Although Jordan has been firmly entrenched as a seminal figure in the fashion world for decades, he has always kept it at an odd distance. Interestingly, he cemented his place in the industry not because of a wellspring of artistic talent or a discerning eye or even an overflow of enthusiasm for the subject, but rather because his sheer hoops talent and his partnership with Tinker Hatfield, the legendary Nike designer, catapulted Jordan to the upper strata of fame after the Air Jordans hit retailers before the start of his second season. Unlike modern stars like Russell Westbrook or D’Angelo Russell who have immersed themselves in the field, Jordan didn’t reciprocate the love.

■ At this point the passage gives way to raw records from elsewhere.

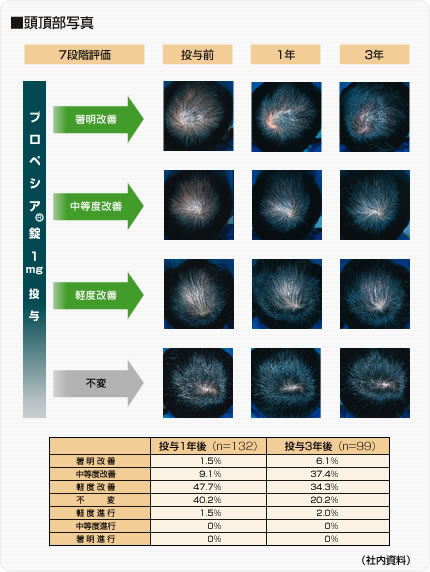 プロペシア錠1mgを投与した頭頂部の写真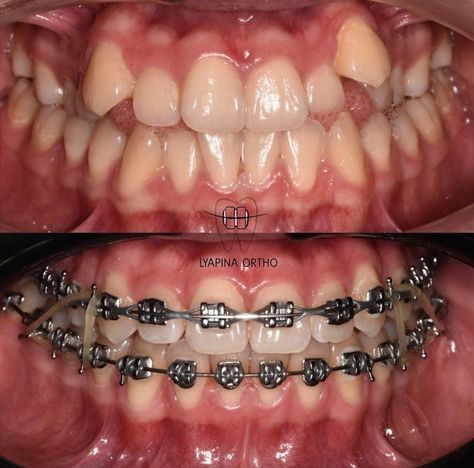 Teeth Braces Before And After, Teeth After Braces, Braces Before And After, Dental Animation, After Braces, Dental Wallpaper, Dream Face, Dental Photos, Adult Braces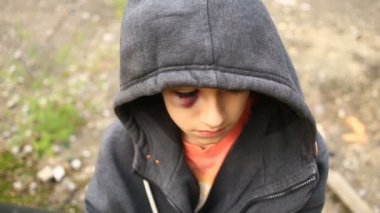 Çocuk bir hematom ve kameraya doğru görünüyor morarmış bir göz ile genç bir kız.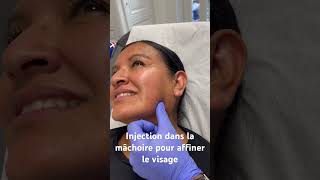 Injection de Botox dans la mâchoire pour affiner le visage DrHerveRaspaldo [upl. by Talbott]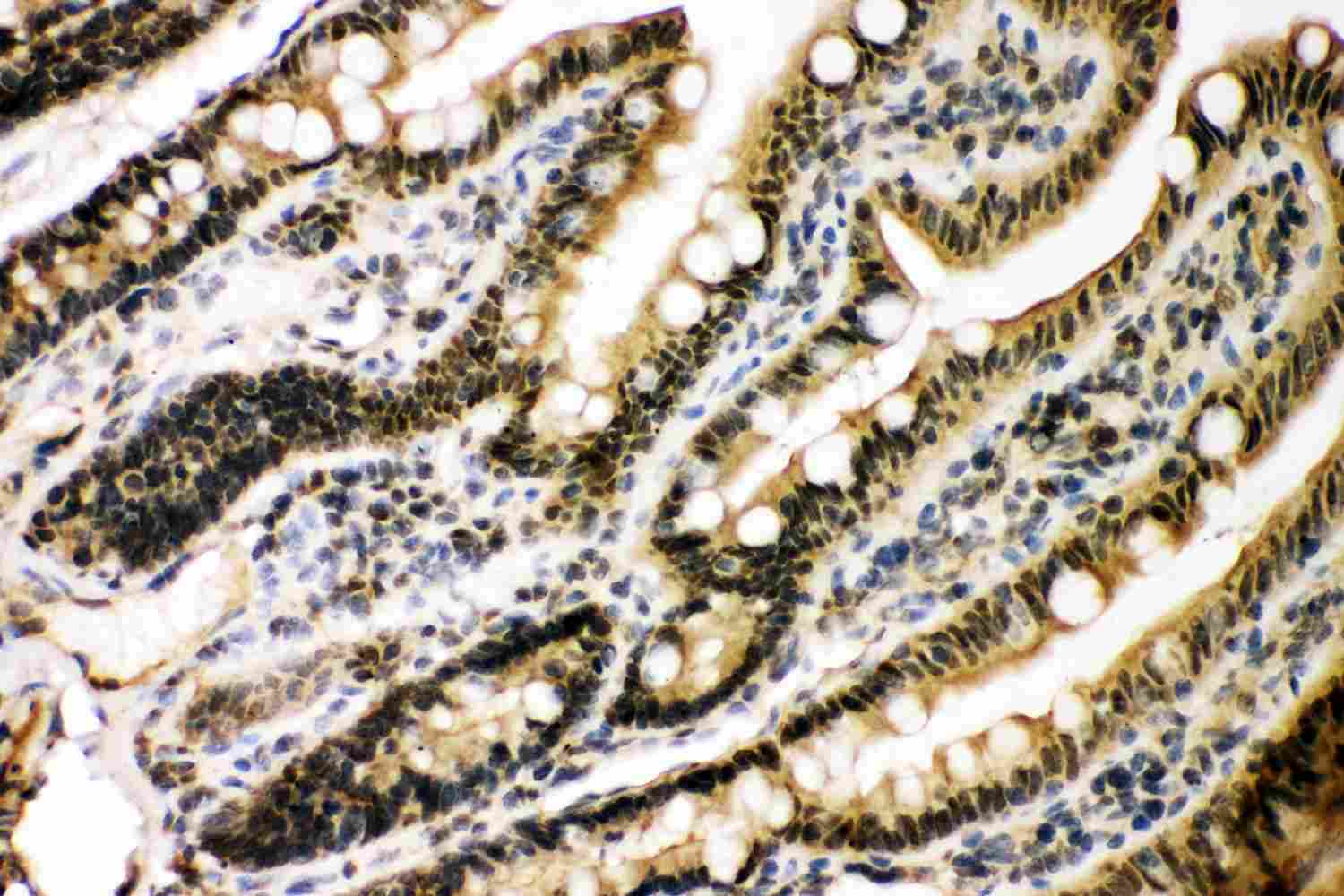2 - Anti-KAT3B/p300 Picoband Antibody ABO11870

“I look at Mike’s relationship with clothes the same I look at his with music.” Bengtson says. “He was the hero of a hip-hop generation, but he never listened to hip hop; he listened to Anita Baker. He was an easy-listening kind of guy, who would just come out and murder you. And I think with clothes it’s the same way: Air Jordan is really his fashion legacy, even if 40-year-old Mike came out afterwards in baggy, artfully ripped jeans, a big shirt and a big sport coat.”
As much as this legacy is based on Jordan’s athletic accomplishments, it is at least equally reliant on his innate coolness, which slowly diminishes each year. In his 20s and 30s, Jordan was an iconoclast, redrawing the sport’s visual vocabulary. Now a 57-year-old multi-billionaire, Jordan has become a member of the stolid establishment he once rearranged. It’s tempting to look at present-day Michael Jordan, dressed like every single one of his shirts is a sleep shirt that his mom promises he’ll grow into, and project that his commitment to ‘90s-era style is a desperate, vain attempt to keep his glory days within sight. If people struggle to move on from their high school letterman jackets, it’s doubly understandable if Michael Jordan feels the most vital when he occupies that homey little sliver of overlap on the Venn Diagram of Hot Topic and Josef A. Bank.
Really, though, Jordan’s wardrobe stems from total freedom, not melancholy; it is proof that Jordan, like Adam Sandler, has chosen comfort over clout. He wears his weird anachronistic clothes — shirts with sleeves beyond his fingertips, pants speckled with paint — simply because he likes them. And isn’t that the whole point?
If clothing implicitly sends a message — I’m rich, I’m cool, I’m quirky, I’m With Stupid — then Jordan broadcasts utter contentment, impervious to puny little tweets telling him that he’s dressed like Taylor Hicks. For Jordan, his stylistic inertia isn’t death, but rather proof of his purchase.
“The thing that Jordan had more than anybody was obscene confidence — insane, obnoxious confidence” says Kirkland. “If you have that, in any piece of clothing you put on, you’ll always seem like the coolest motherfucker ever.”